** INFORMATION SHOWN **
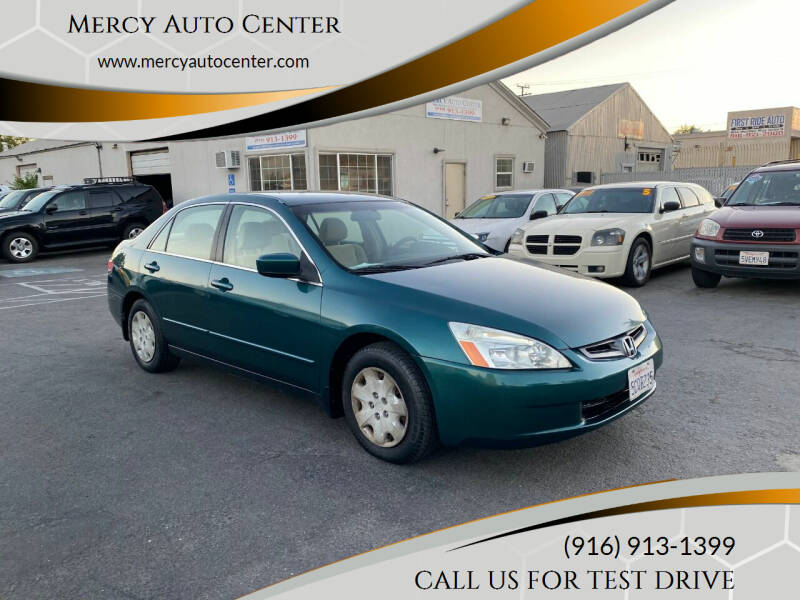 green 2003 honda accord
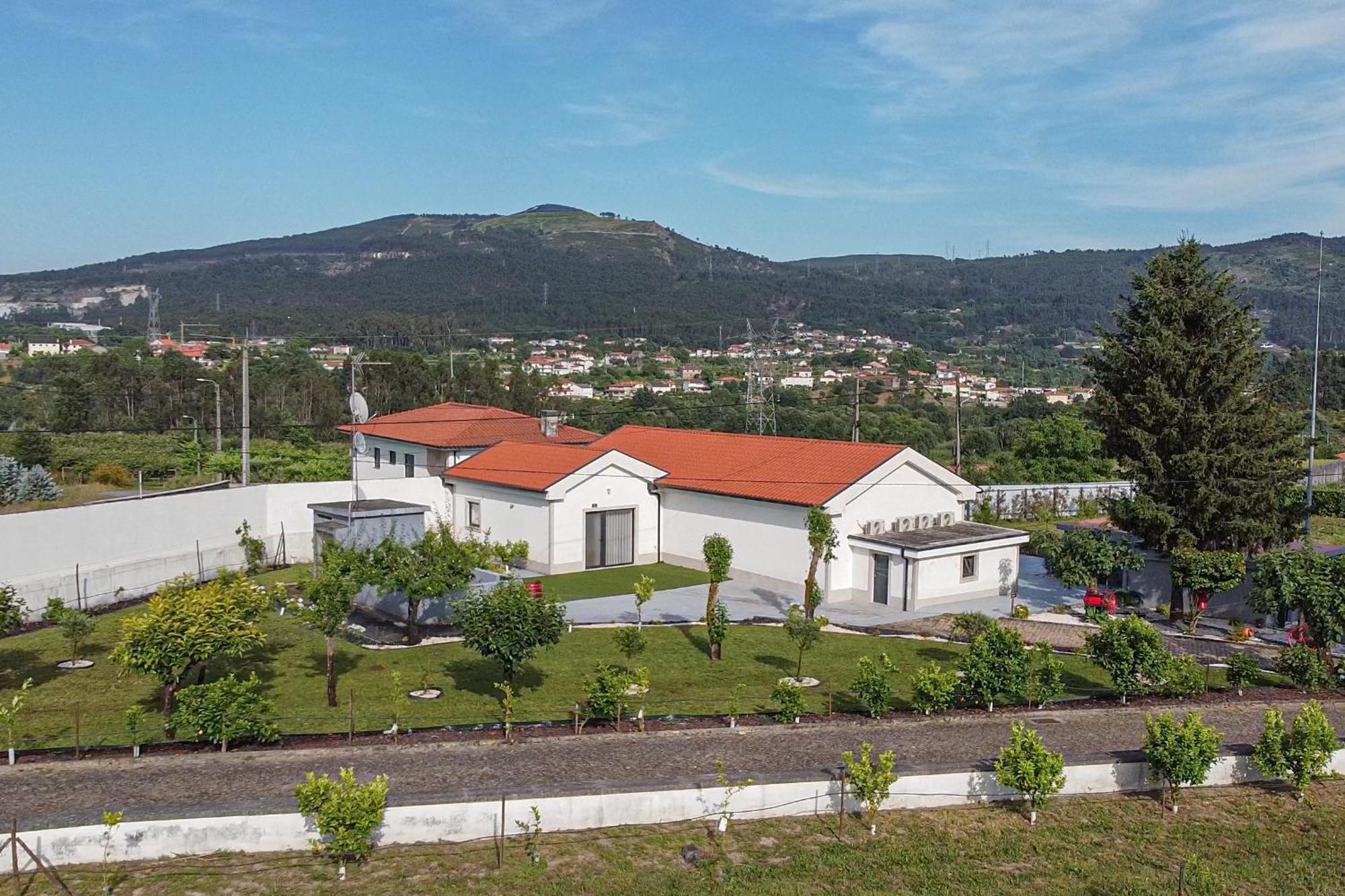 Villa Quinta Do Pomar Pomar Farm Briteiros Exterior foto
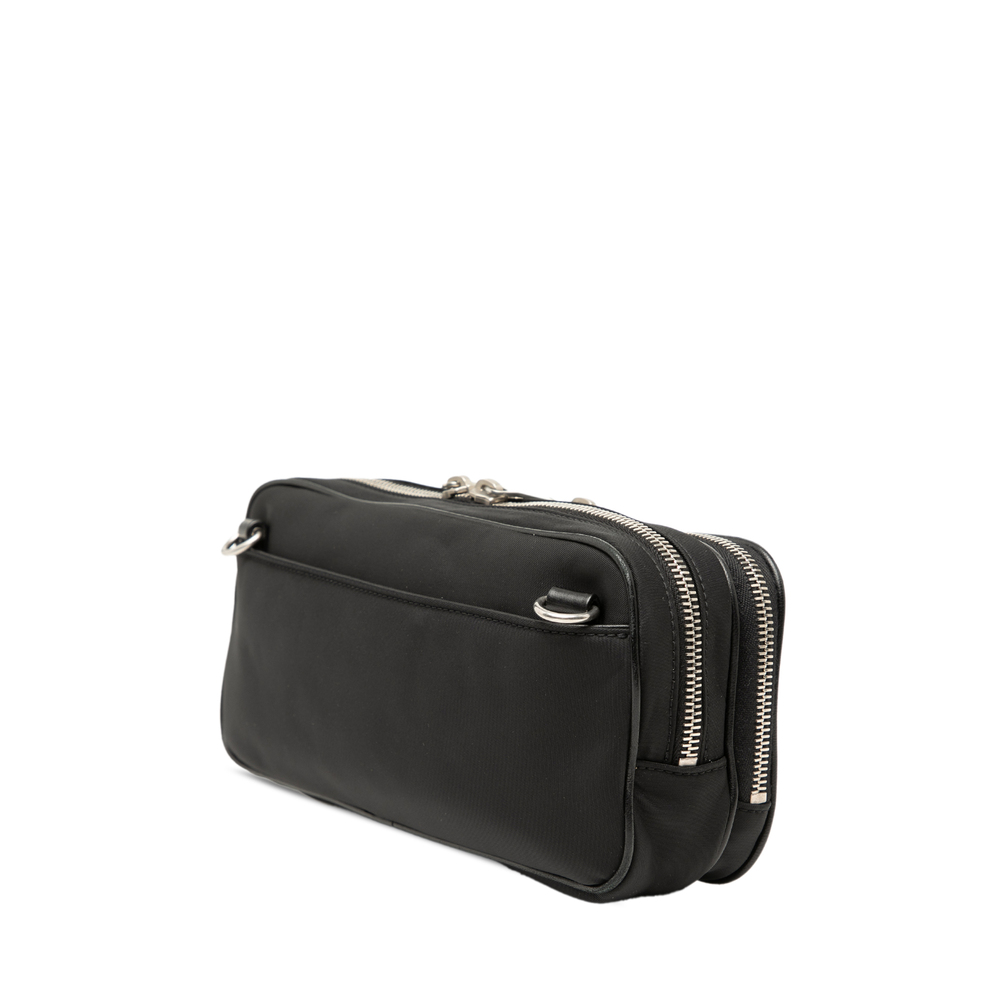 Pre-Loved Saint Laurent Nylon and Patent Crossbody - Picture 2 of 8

---

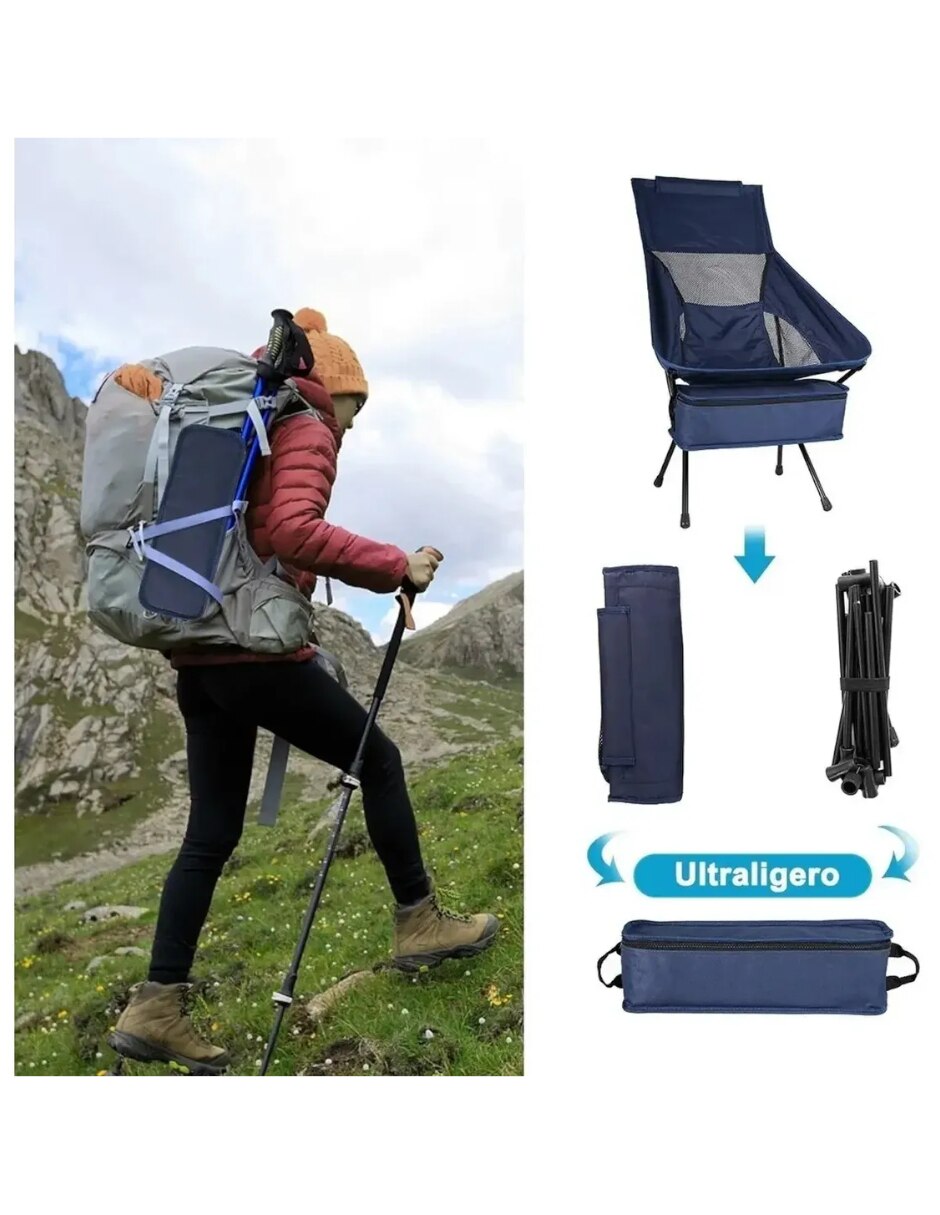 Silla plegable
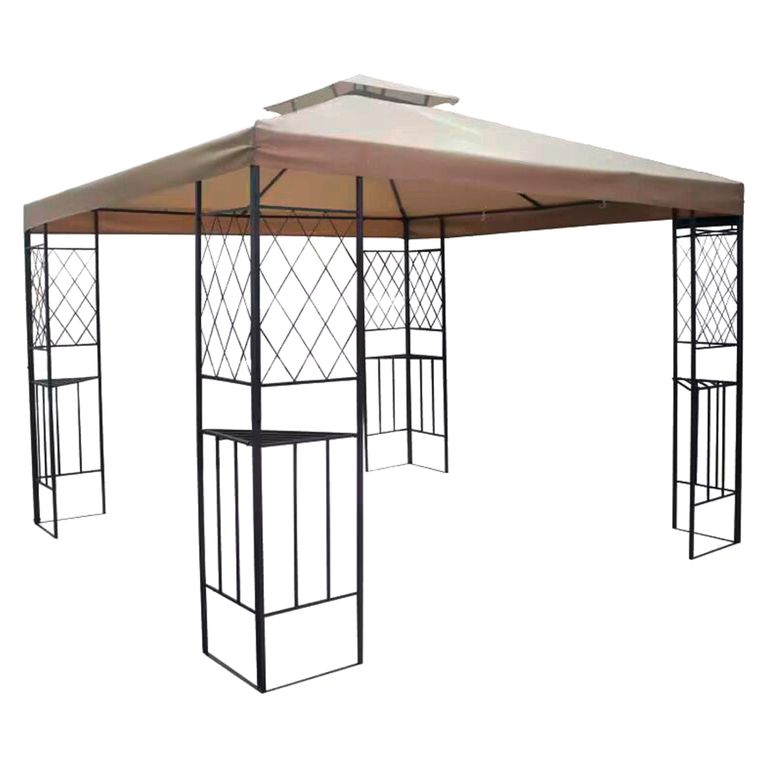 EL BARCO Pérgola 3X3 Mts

** ACTIVITY **
Among the records above, locate the line containing "green 2003 honda accord" and the line containing "Pre-Loved Saint Laurent", then transcribe exactly the lines starting at the first and ending at the second, with no pictures.

** RESPONSE TO THIS EXERCISE **
 green 2003 honda accord
 Villa Quinta Do Pomar Pomar Farm Briteiros Exterior foto
 Pre-Loved Saint Laurent Nylon and Patent Crossbody - Picture 2 of 8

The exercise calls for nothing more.